McCraney and Phillips entered the concept into the 2021 Gillespie Business Plan Competition with a presentation of their app idea.
“We got good feedback,” McCraney said. “They were like, ‘We like the idea; we just need more from y’all.'”
After the Gillespie Competition, Phillips hired coders from India to create a base version of the app.
“We could either give up on the idea or just make it, so we put all of the money we had made over the summer behind getting it developed.” McCraney said.
He enlisted help from Blake Dubinski, an entrepreneur-in-residence at the university’s Center for Innovation and Entrepreneurship. Dubinski is one of the brains behind GenTeal Clothing, a men’s athletic and collegiate wear brand.
Dubinski helped McCraney and Phillips polish the concept and get their business off the ground the way they envisioned.

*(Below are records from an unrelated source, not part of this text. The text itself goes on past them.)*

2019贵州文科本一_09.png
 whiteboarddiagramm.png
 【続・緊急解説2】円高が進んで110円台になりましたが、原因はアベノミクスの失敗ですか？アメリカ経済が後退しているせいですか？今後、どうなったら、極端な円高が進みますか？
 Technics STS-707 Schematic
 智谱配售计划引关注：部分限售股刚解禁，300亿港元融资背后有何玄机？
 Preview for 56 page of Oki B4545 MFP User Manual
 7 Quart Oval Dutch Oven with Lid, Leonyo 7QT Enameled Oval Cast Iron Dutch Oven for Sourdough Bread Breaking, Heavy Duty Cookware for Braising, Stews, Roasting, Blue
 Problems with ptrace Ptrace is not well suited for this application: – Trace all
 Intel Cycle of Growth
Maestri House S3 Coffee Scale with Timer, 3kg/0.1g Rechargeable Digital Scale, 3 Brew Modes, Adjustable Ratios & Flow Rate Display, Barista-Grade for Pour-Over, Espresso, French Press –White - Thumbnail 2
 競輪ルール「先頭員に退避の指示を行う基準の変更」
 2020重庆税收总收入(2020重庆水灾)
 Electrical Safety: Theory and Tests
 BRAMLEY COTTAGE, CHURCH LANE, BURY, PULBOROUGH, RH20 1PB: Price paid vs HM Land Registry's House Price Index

“It’s truly been a journey,” Phillips said. “I feel like it was yesterday when we decided we were going to do this but it’s been over a year since we first started.
“There have been plenty of late nights and early mornings communicating with our developer in India and many days spent sweating giving out flyers on campus.”
The partners hired Samantha Pennock, also an Ole Miss student, to handle marketing and social media.
RUMIE is active on multiple campuses and has a growing number of users.
“As of right now we have over 1,200 users at Ole Miss, 40 at SMU, 30 at Harvard and 36 at MSU,” McCraney said.
The goal is to expand RUMIE to more campuses, and thanks to the Gillespie win, this is an achievable goal. The team won $10,000 for the competition’s top prize, plus $5,000 for the Steven E. Rowell Entrepreneur Award.
Along with their cash prizes, the partners won a full year of office space at Insight Park. McCraney and Phillips have decided that after graduation, they are going to pursue RUMIE full time.
“We’re using this year to see if RUMIE can be a job for us,” McCraney said. “We both want to start businesses; we don’t want to work for a corporation.”
If the early results on RUMIE are any indication, it would be hard to bet against them.